Now when it comes to naming these two things, they start to look alike! With Cartesian coordinates, points in $\Bbb R^n$ are labeled by their projections to the axes, and that creates a list of real numbers. Similarly, when we go about naming vectors, we have this convention of sliding the vector so that it is being emitted from the origin, and then we check to see what point is on its arrowhead. The vector is named after this point.
So in both cases, a similar list of real numbers is used to identify the object. Since this is the case, it's common to just start referring to any ordered $n$-tuple of things from a field (like $\Bbb R$) as a "vector," even if we aren't thinking of it as a ray in that application.
One example is that of vector fields. Since these are functions of position, the inputs they take are points of $\Bbb R^n$ (which look like an ordered $n$-tuple). The outputs are vectors (which again look like an ordered $n$-tuple), but we are interpreting these as the vectors they represent, slid over from the origin to the point we're at.

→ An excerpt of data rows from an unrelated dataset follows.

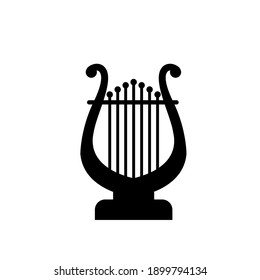 hermoso lujo clásico lyre mini arpa icono vector gráfico plano fondo aislado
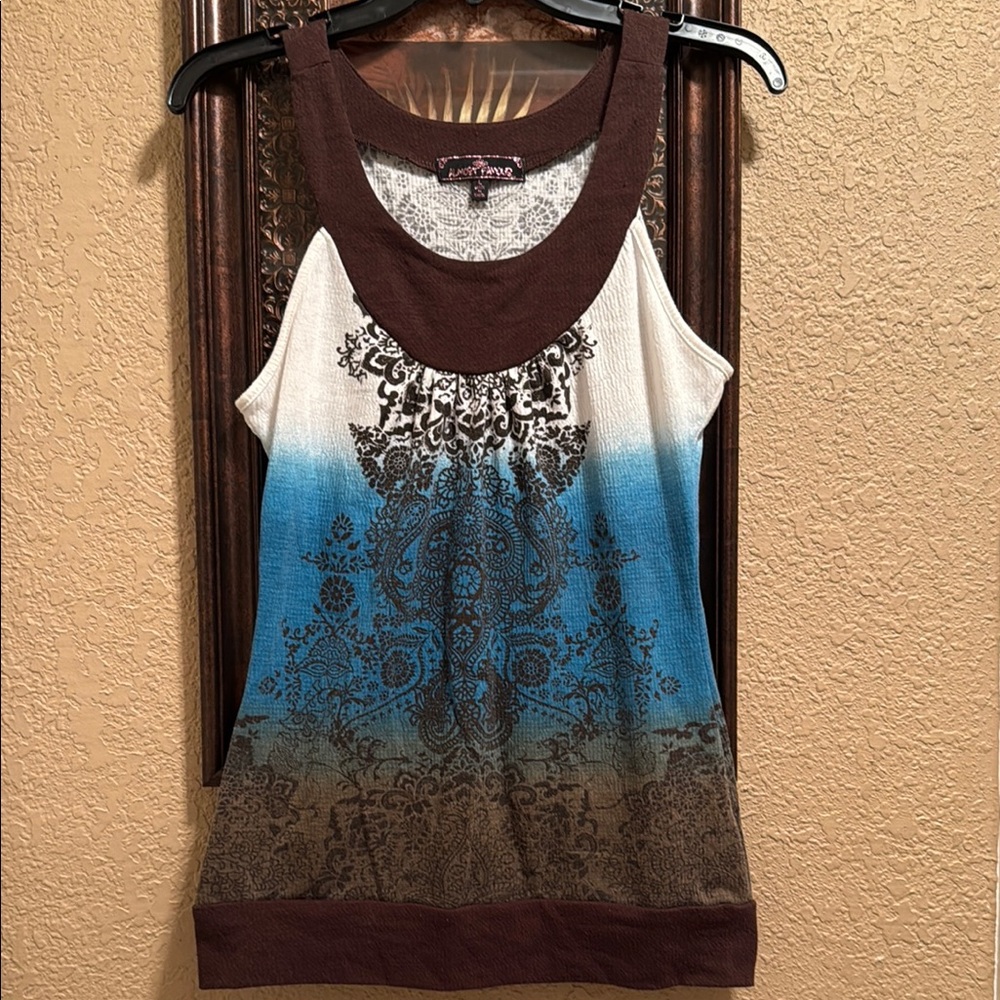 Gently worn Almost Famous Brown & Turquoise Top with Graphic Design.  Large.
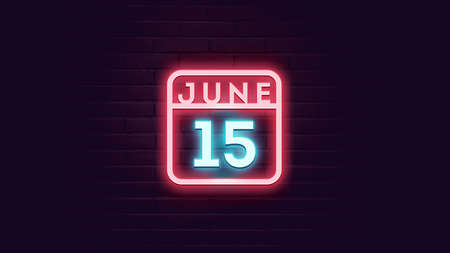 July 15 neon calendar icon. Day 15 of month, Neon signboard. Brick wall background. Vector illustration.の写真素材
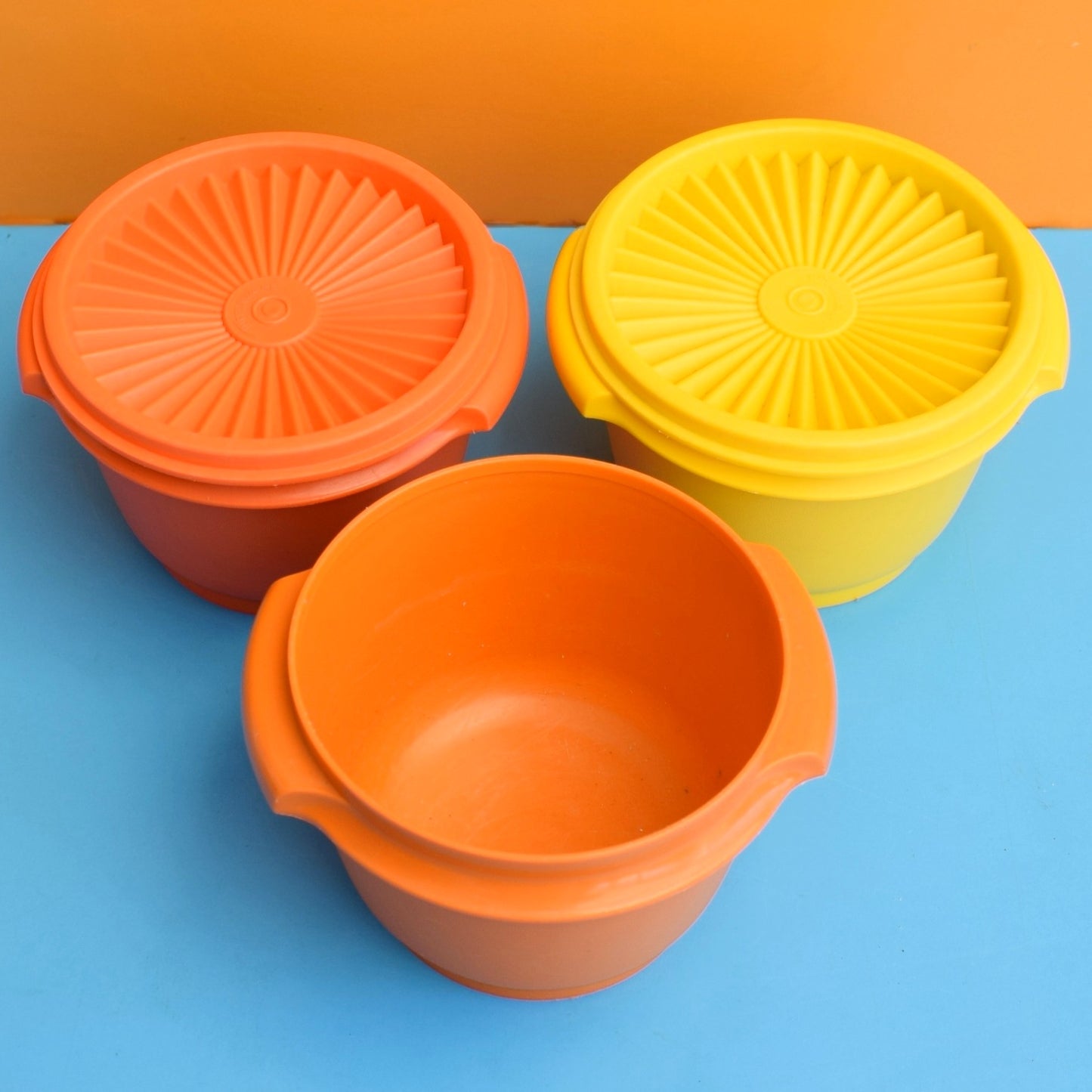 Vintage 1970s Tupperware Fan Top Small Containers - Orange / Yellow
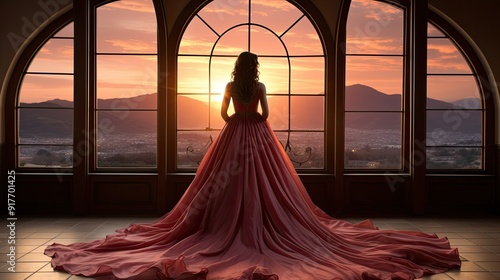 Artistic processing Fantasy girl princess in pink dress stands in medieval room  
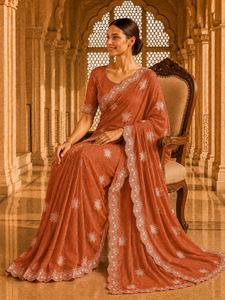 Sari de Terciopelo y Satén para Mujer, Diseño Indio Personalizado de Vexotrend, Hermoso Diseño Patola, Estilo Tradicional para Bodas y Fiestas - Product Image 6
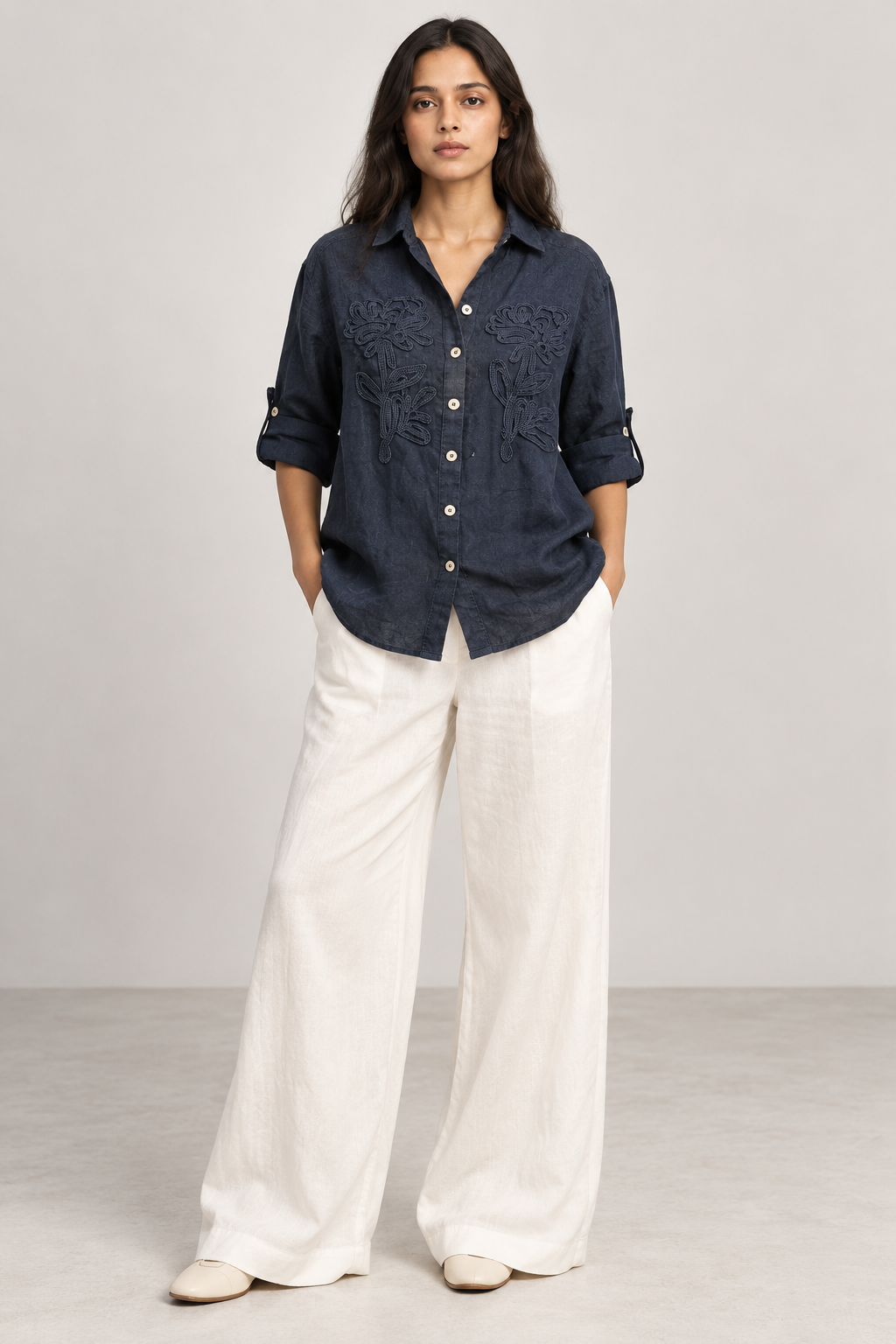 Pure Linen Breathable Button-Down Shirt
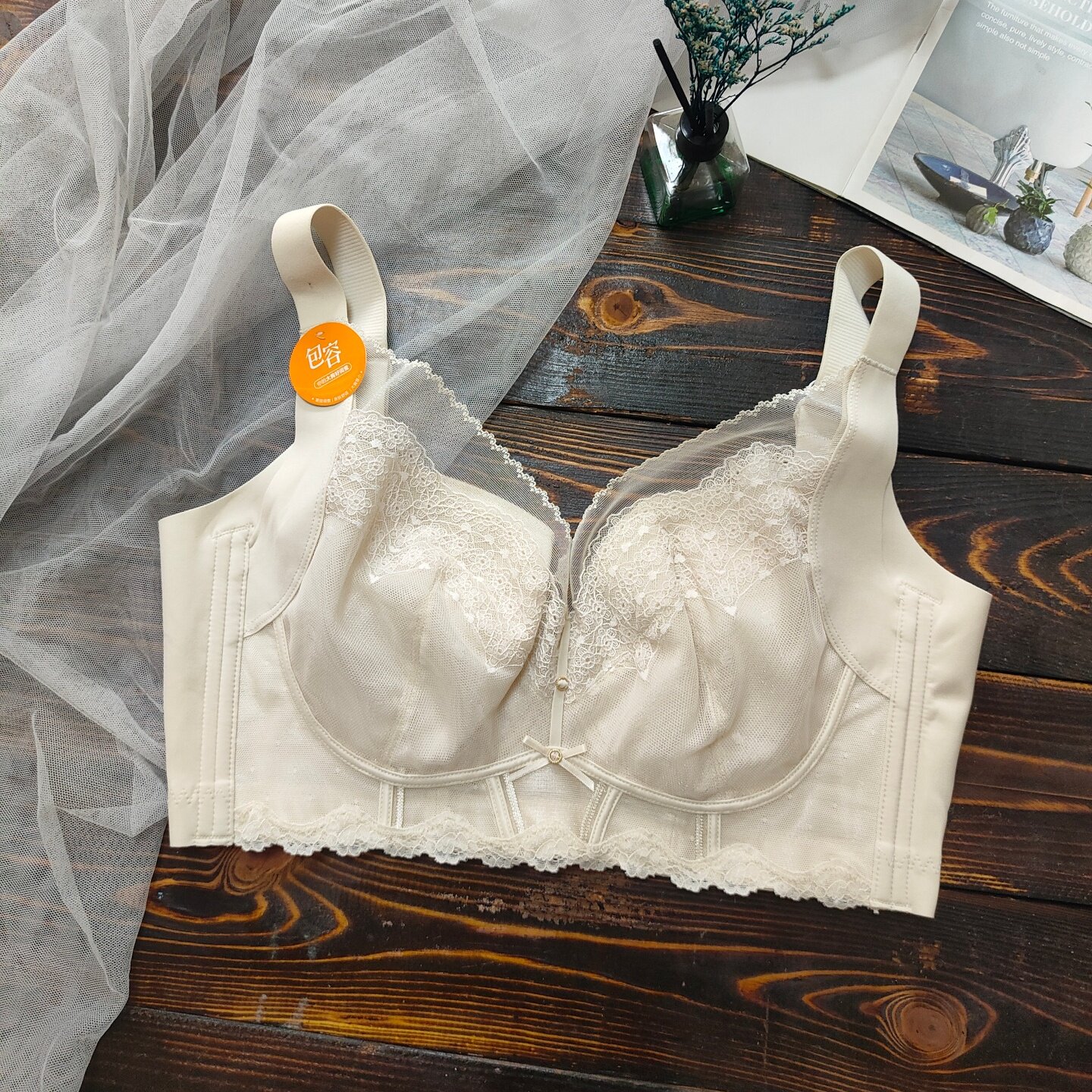 大码内衣女薄款D杯莫代尔里料钢圈调整型聚拢加宽侧比收副乳文胸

You can, of course, really have vector inputs! For instance, the length of a vector in $\Bbb R^n$ creates a function from vectors into $\Bbb R$. Of course, the same function could be reinterpreted as the distance-to-zero function on points of $\Bbb R^n$.
So, the difference is all in how you are interpreting that particular list of numbers.
For #1 in your post, you are probably thinking of it as the line segment between points $x$ and $x'$. The addition that's going on is vector addition though. Drawing the vectors that $x$ and $x'$ represent, you see you have two vectors extending from the orign to these two points. For any two vectors $v,w$, $v-w$ yields the vector which fits between the two tips of $w$ and $v$, and points to the tip of $v$. So, you can see that $x-x'$ has the point $x$ on its tip.
What does the $t$ contribute? If you multiply out $xt+(1-t)x'=x'+t(x-x')$, you can see that the vector $x-x'$ is being scaled by $t$ to something shorter, and then is being concatenated onto the tip of $x'$. The tip of this arrow gives another point on the segment. Ranging over all $t$ between 0 and 1, you get vectors pointing to all points on that segment.